──────── Extracted material

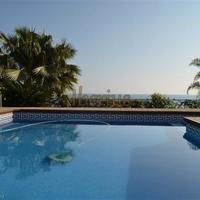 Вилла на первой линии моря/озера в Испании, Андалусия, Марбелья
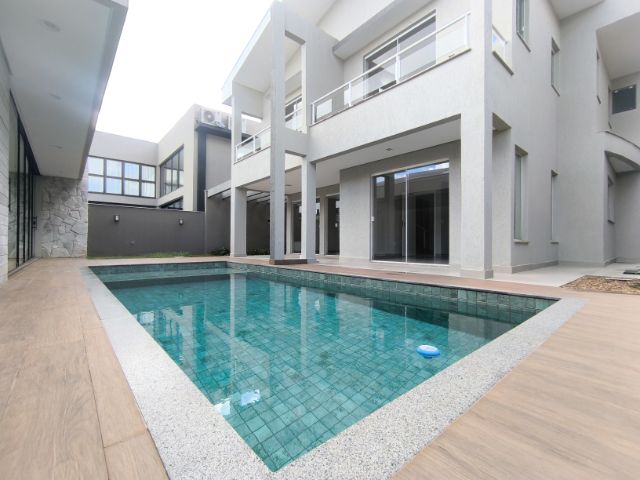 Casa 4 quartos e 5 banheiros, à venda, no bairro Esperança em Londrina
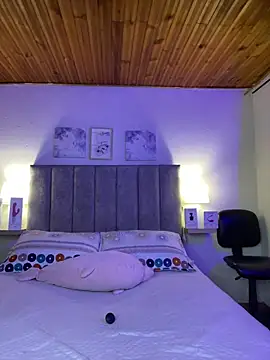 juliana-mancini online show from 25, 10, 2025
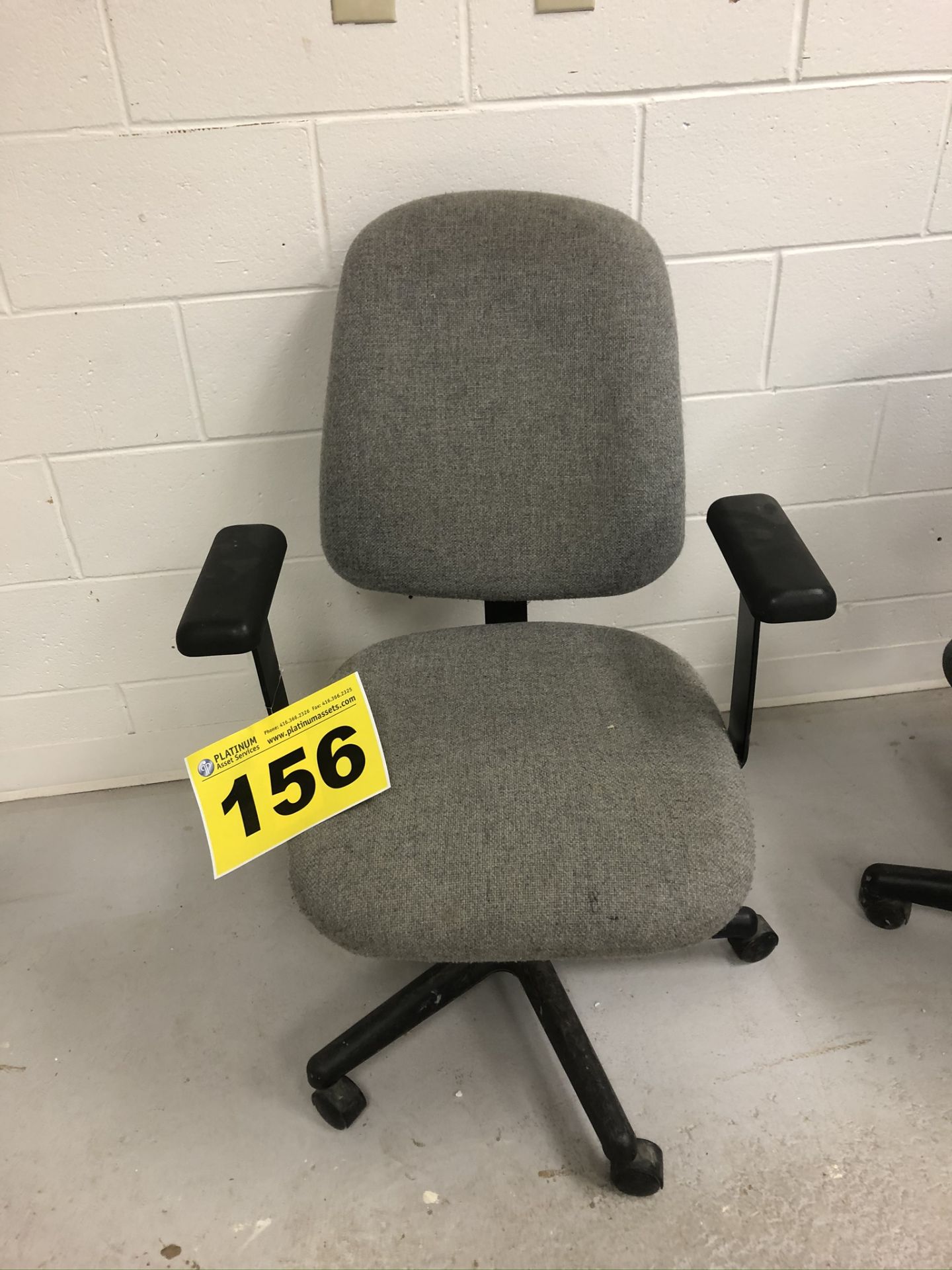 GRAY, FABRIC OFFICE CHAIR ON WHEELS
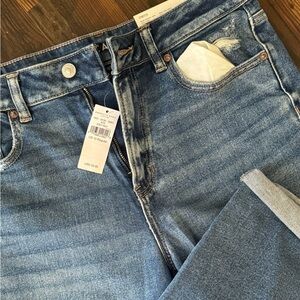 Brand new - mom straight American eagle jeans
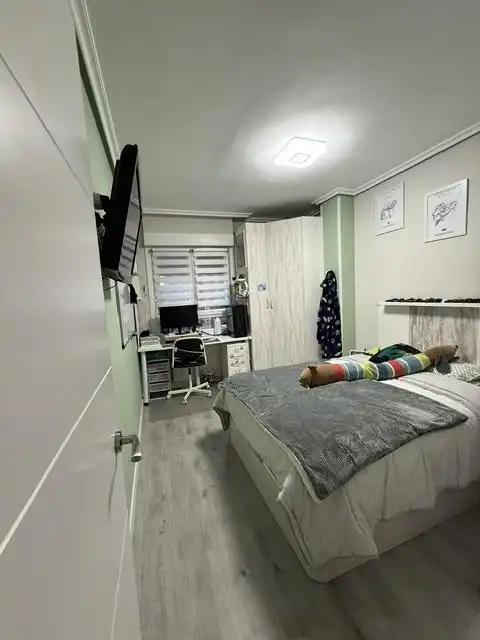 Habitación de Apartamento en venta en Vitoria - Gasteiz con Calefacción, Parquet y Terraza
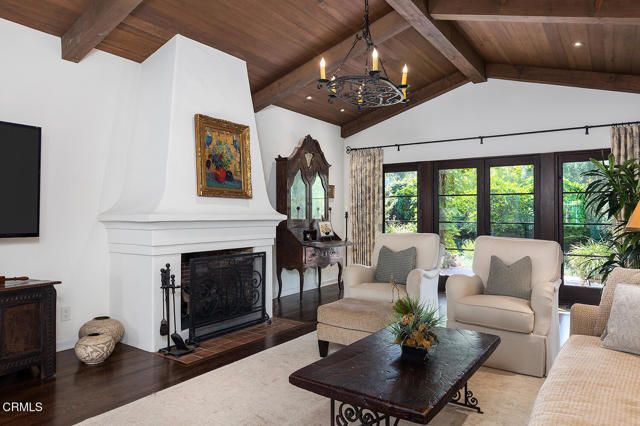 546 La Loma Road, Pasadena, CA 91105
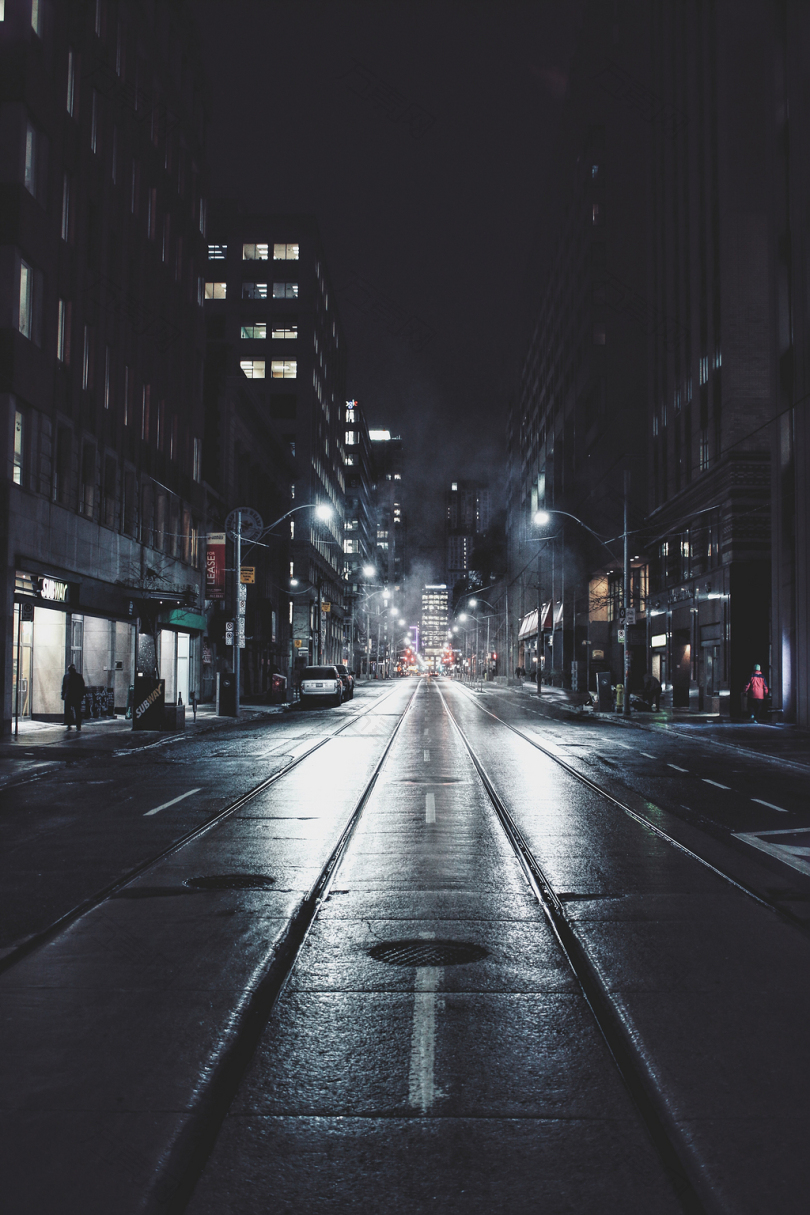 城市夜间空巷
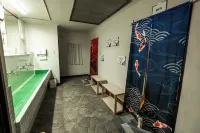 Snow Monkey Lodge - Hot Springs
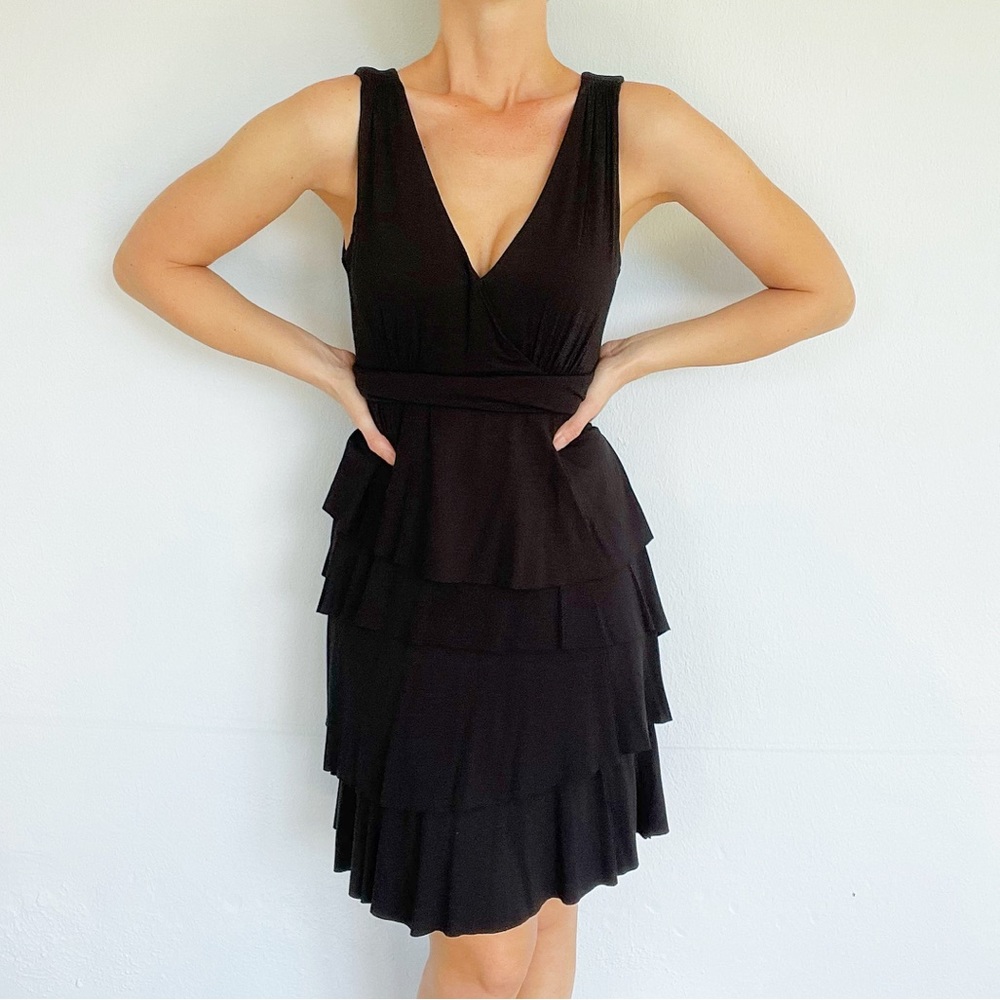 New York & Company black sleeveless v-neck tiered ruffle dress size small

────────────────

→ **Exercise details**: Each line from the line containing "Casa 4 quartos" through the last line above must be written out exactly, and every picture must be omitted.

→ **Result**:
 Casa 4 quartos e 5 banheiros, à venda, no bairro Esperança em Londrina
 juliana-mancini online show from 25, 10, 2025
 GRAY, FABRIC OFFICE CHAIR ON WHEELS
 Brand new - mom straight American eagle jeans
 Habitación de Apartamento en venta en Vitoria - Gasteiz con Calefacción, Parquet y Terraza
 546 La Loma Road, Pasadena, CA 91105
 城市夜间空巷
 Snow Monkey Lodge - Hot Springs
 New York & Company black sleeveless v-neck tiered ruffle dress size small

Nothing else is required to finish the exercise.